Archives de mars 2010

29
Mar
10

Le marathon critique de Federico, suite et fin

Après vous avoir fait partagé ses coups de cœur pas récents, Federico is back again pour vous parler de livres qui on plus ou moins fait mouche dans sa vie de lecture, et ce au cours de ces derniers mois.

Commençons par le moins agréable, c’est à dire le crash de la mouche. Celle-ci n’a pas atteint son but et Federico est sorti de sa lecture avec une impression de « tout ça pour ça ? ». Mais, diantre, nous oublions le plus important : le titre du livre et son auteur ! Il s’agit de Quand le requin dort de Milena Agus. Cette auteur italienne (sarde plus précisément) a été révélée en France grâce aux éditions Liana Lévi. Encensée par la critique pour son style aérien et détaché, elle a laissé notre ami lapin sur le bord de l’autoroute littéraire.
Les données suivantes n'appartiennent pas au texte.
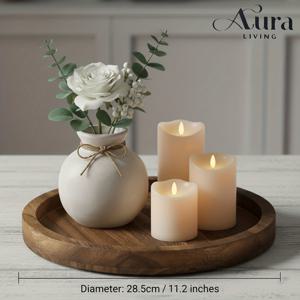 TEMU 두꺼운 빈티지 우드 트레이 - 주방용 헤비듀티 라운드 서빙 플레이트, 러스틱 팜하우스 장식, 우드 그레인, 캔들 & 다이닝용, 11.2인치 & 7.9인치, 우드 테이블 센터피스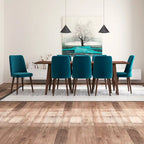 Addison 9-Piece Mid-Century Rectangular Dining Set w/ 8 Velvet Dining Chairs in Turquoise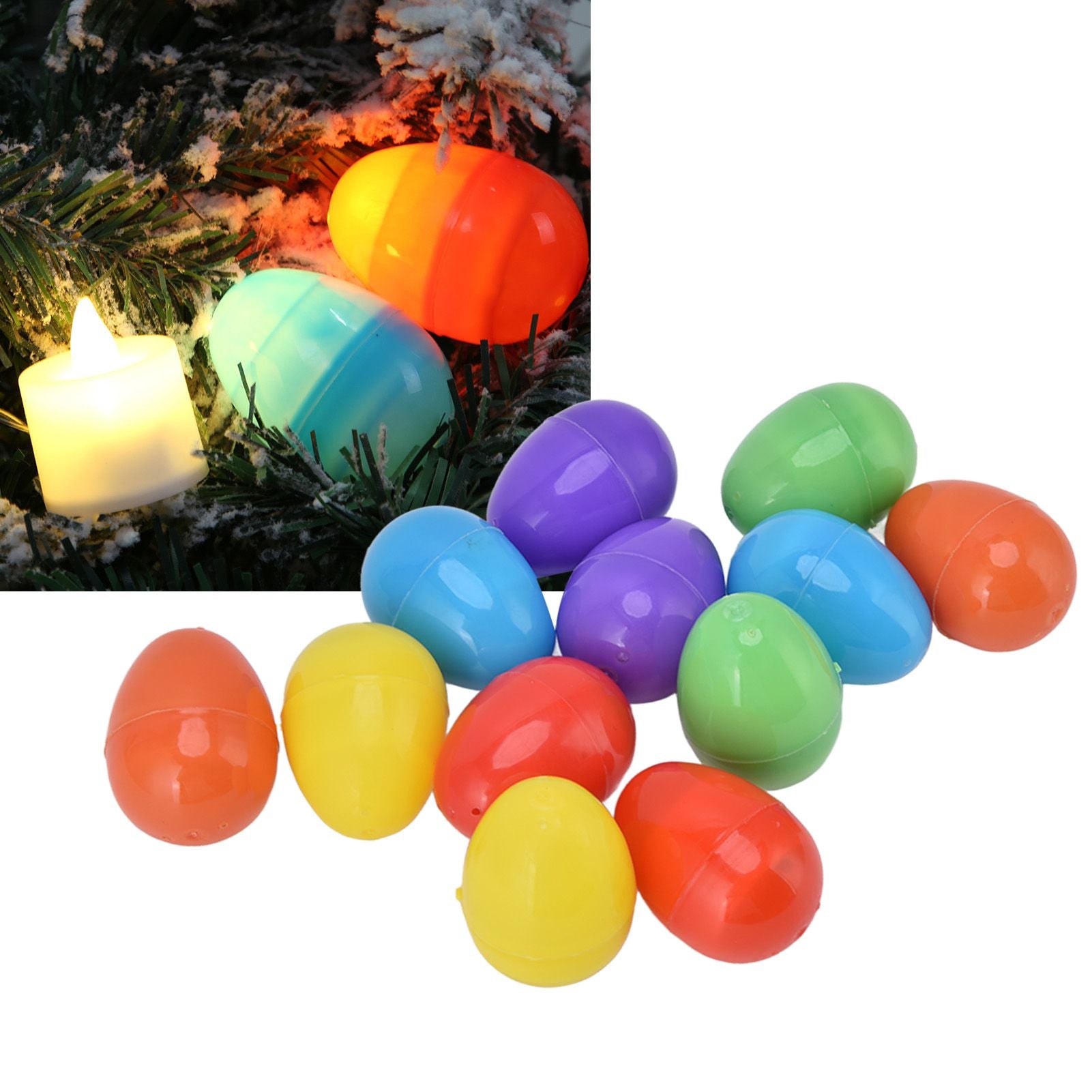 12pcs Easter Eggs Light Up Glowing Decorative DIY Plastic Built in Battery Warm LED Easter Eggs for Holiday V1294-YM0523-3115220020911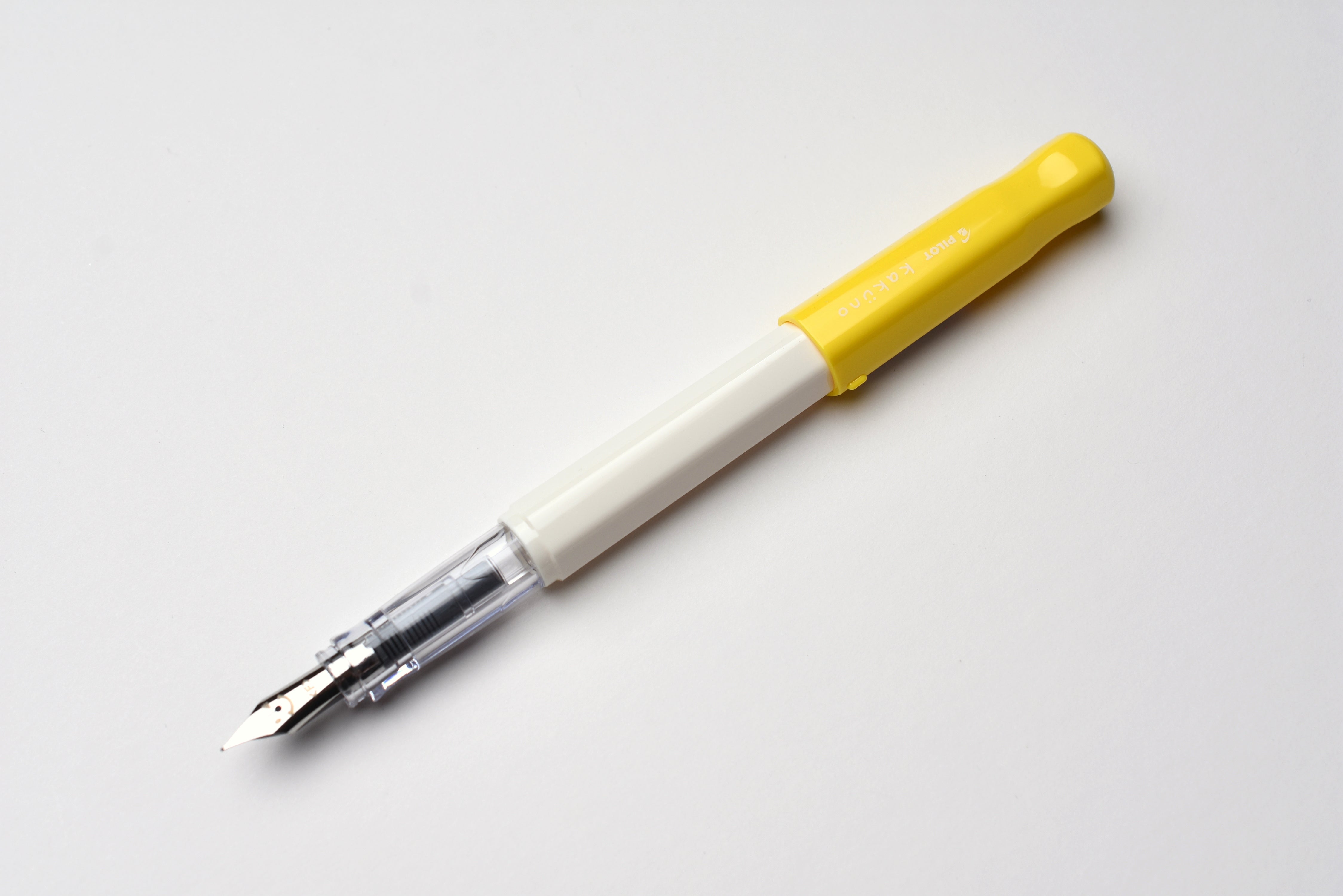 Pilot Kakuno Fountain Pen - White Barrel/Yellow Cap - Fine Nib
Le style ? Notre ami rongeur s’attendait vraiment à avoir des papillons dans le ventre en lisant, à ressentir cette émotion propre aux écritures qui vous transportent. Ici, ben non, rien, encéphalogramme plat. Federico n’étant pas critique littéraire, il ne s’est pas trop posé de question sur cette absence d’émotions. Il a continué cette lecture – pourtant pas désagréable – qui l’a parfois mis mal à l’aise à cause de certains sujets et le détachement avec lesquels ils sont décrits dans le livre. Il aurait aimé s’attacher aux personnages hauts en couleur présents dans le roman mais il ne s’est rien passé de notable à ce niveau là non plus. Résultats des courses : Federico s’attendait à partager l’enthousiasme général pour cet auteur, mais cette déception confirme que la lecture est un acte infiniment personnel et que personne ne peut présenter un livre comme étant indiscutablement génial.

Bien, ça c’est fait. Maintenant que cette petite contrariété est évacuée, place à l’espoir et aux livres prometteurs que notre débordé lapin n’a pu qu’entamer. En cinquante pages, voici ce que notre ami lapin a pu flairer.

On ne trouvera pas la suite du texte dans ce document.